## Exercise data
■ ■ ■

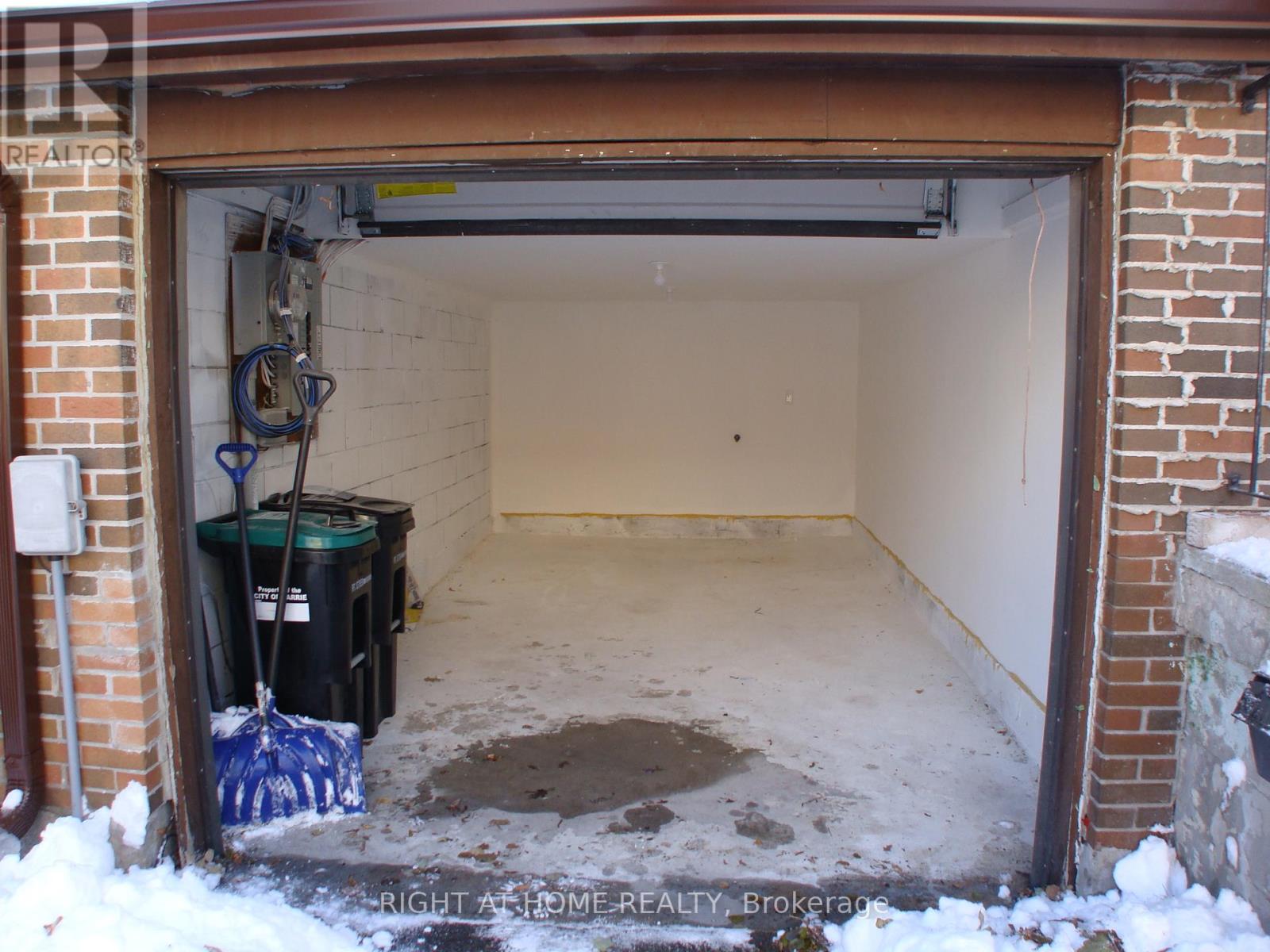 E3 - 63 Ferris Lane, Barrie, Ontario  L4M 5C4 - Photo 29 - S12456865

■ ■ ■

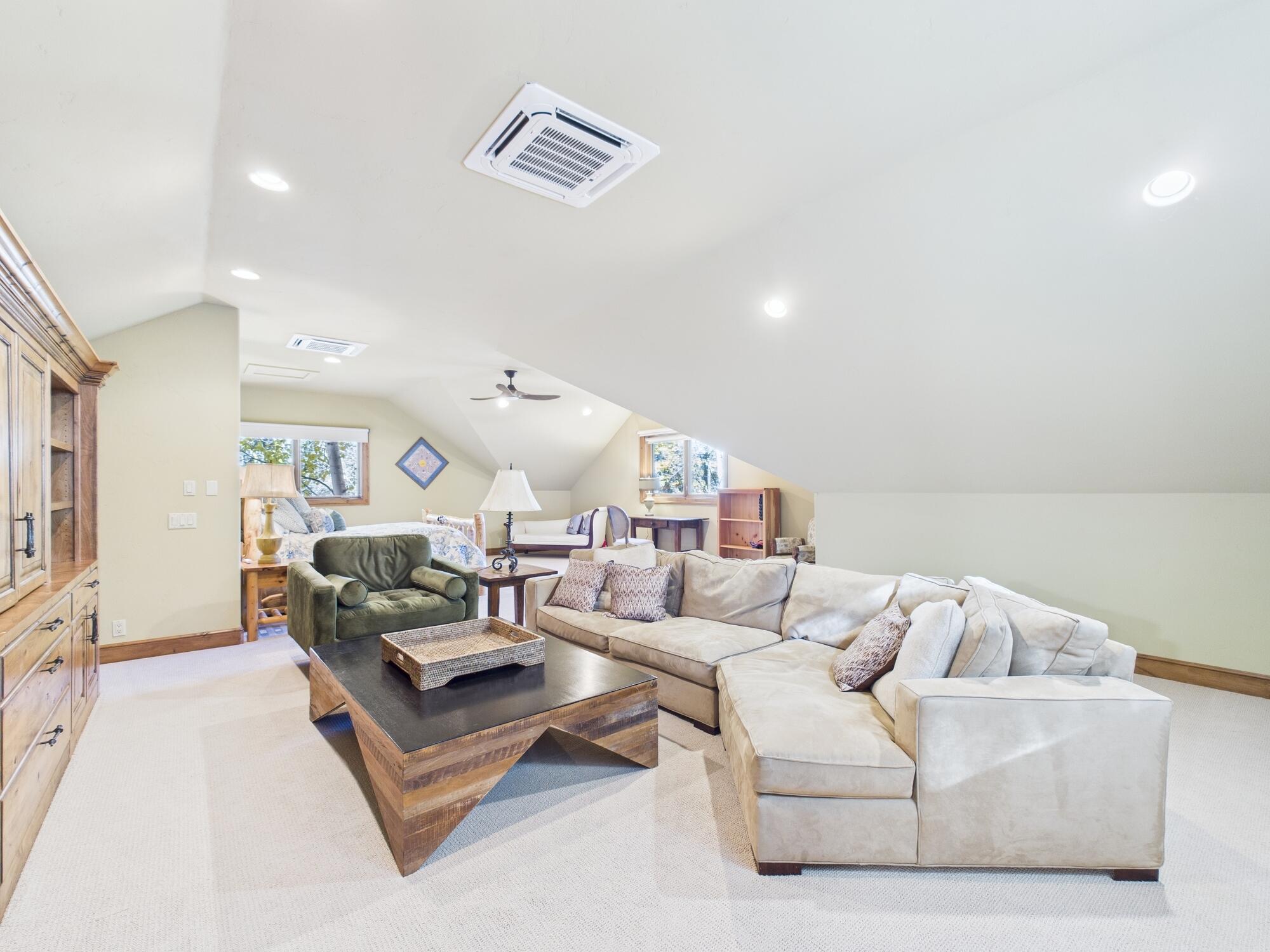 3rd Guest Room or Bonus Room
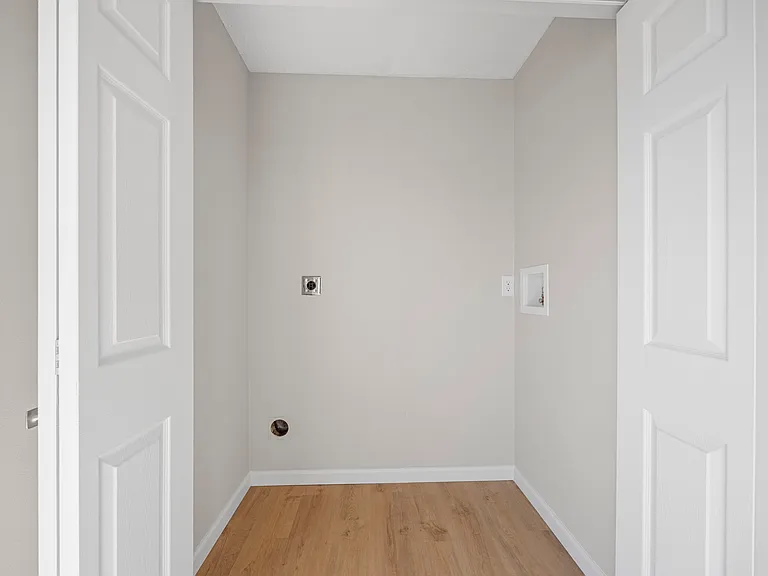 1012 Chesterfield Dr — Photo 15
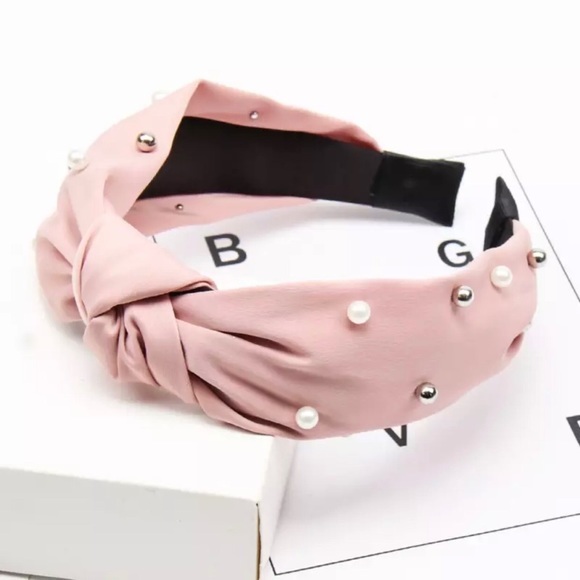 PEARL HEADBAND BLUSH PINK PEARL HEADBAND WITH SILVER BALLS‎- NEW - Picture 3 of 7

■ ■ ■

## Exercise description
Give back exactly the lines above from the one with "3rd Guest Room or Bonus Room" through the one with "PEARL HEADBAND BLUSH", both included. Pictures don't belong in the copy.

## Output below
 3rd Guest Room or Bonus Room
 1012 Chesterfield Dr — Photo 15
 PEARL HEADBAND BLUSH PINK PEARL HEADBAND WITH SILVER BALLS‎- NEW - Picture 3 of 7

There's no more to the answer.